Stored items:
++++++++++++++++++++

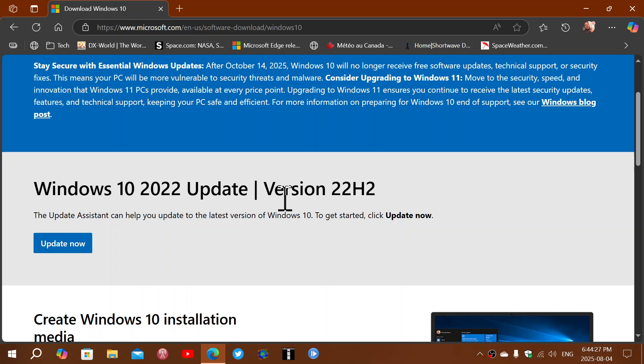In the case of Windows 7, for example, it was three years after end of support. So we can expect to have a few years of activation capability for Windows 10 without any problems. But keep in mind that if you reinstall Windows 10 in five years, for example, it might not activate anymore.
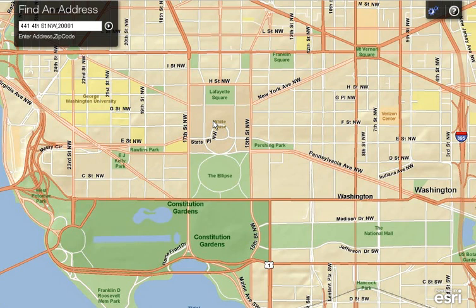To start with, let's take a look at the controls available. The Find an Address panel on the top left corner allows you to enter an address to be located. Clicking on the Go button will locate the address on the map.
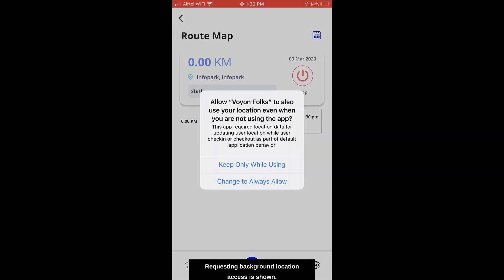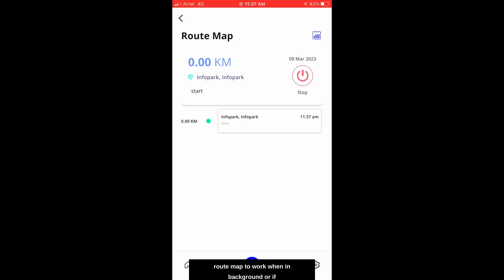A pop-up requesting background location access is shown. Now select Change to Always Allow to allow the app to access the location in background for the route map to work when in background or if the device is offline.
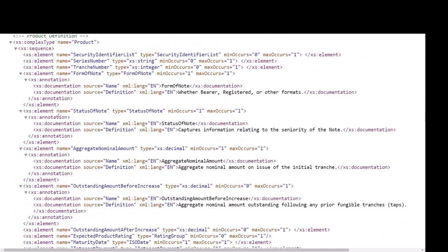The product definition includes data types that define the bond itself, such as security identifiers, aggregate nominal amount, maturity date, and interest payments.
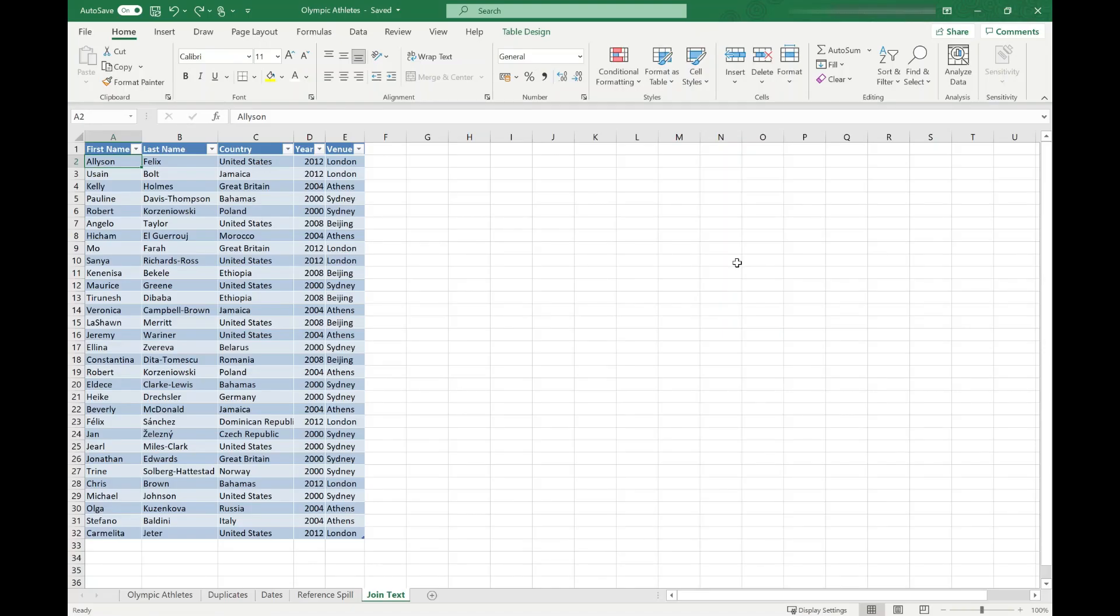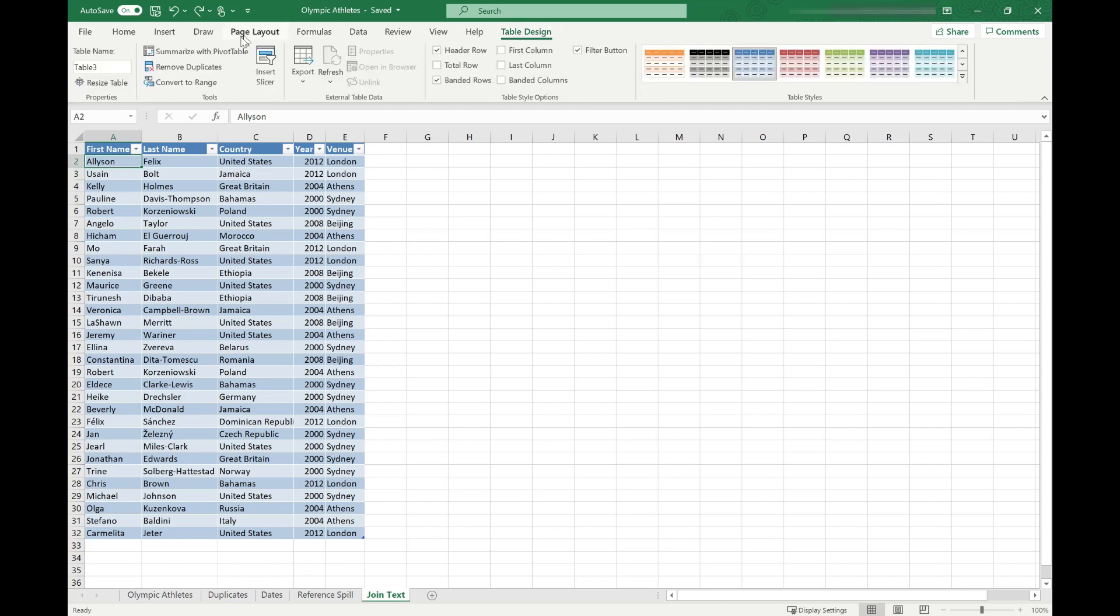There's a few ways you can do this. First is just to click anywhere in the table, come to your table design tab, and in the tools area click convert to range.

++++++++++++++++++++

Could you set down every entry above exactly as it stands, with no images?

In the case of Windows 7, for example, it was three years after end of support. So we can expect to have a few years of activation capability for Windows 10 without any problems. But keep in mind that if you reinstall Windows 10 in five years, for example, it might not activate anymore.
To start with, let's take a look at the controls available. The Find an Address panel on the top left corner allows you to enter an address to be located. Clicking on the Go button will locate the address on the map.
A pop-up requesting background location access is shown. Now select Change to Always Allow to allow the app to access the location in background for the route map to work when in background or if the device is offline.
The product definition includes data types that define the bond itself, such as security identifiers, aggregate nominal amount, maturity date, and interest payments.
There's a few ways you can do this. First is just to click anywhere in the table, come to your table design tab, and in the tools area click convert to range.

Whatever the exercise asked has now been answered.